In this presentation we will describe the current role of records professionals in data management, and the specific expertise and skills which we can bring to this emerging area. We will also present the work that a group of records professionals are currently undertaking to raise the profile of archivists and records managers as ‘people who can look after data’ in the international data management community.
RHIANNON GRIFFITHS (presenting with Sally Hopkins)
In July 2009 I became part of the newly formed ‘Preservation Team’ at Gwent Record Office, which later became Gwent Archives. During my time as a Preservation Assistant I helped prepare the collection for relocation from the County Hall basement strong rooms in Cwmbran, Torfaen to the purpose built repository in Ebbw Vale, Blaenau Gwent.
In October 2010 I enrolled on the ARA Conservation Certificate Scheme.
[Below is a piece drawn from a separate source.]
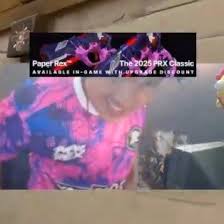 aki ♡ 🦊9️⃣ (@finralenjoyer)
During my time as a Trainee Conservator at Gwent Archives I have set up a new Conservation Studio within the repository at Ebbw Vale and spent invaluable time with many of the ARA Conservation Certificate Instructors at their own studios around the U.K.
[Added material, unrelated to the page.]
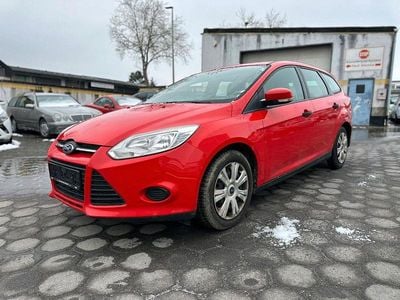 Rot Gebraucht 2013 Ford Focus Ambiente Kombi | 1.999 € (Guter Preis)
In November 2015 I became a fully qualified Conservator and was appointed the position of Senior Conservator at Gwent Archives. I joined the ARA Archives Conservation Training Scheme (ACTS) Committee as Secretary in 2017.
A Sporting Chance: Preserving the Records of Newport Rugby and Athletic Club
In 2015, Gwent Archives were contacted by the Friends of Newport Rugby (FoNR) when a large quantity of papers were found in the attic of the old club house at Rodney Parade, the club’s ground. The building was earmarked for demolition. The transfer of the more vulnerable material was begun immediately but as the physical risks to the large collection became more evident, the transfer assumed greater urgency until the whole collection was taken in. It constitutes an unrivalled sporting archive and is without doubt of national importance.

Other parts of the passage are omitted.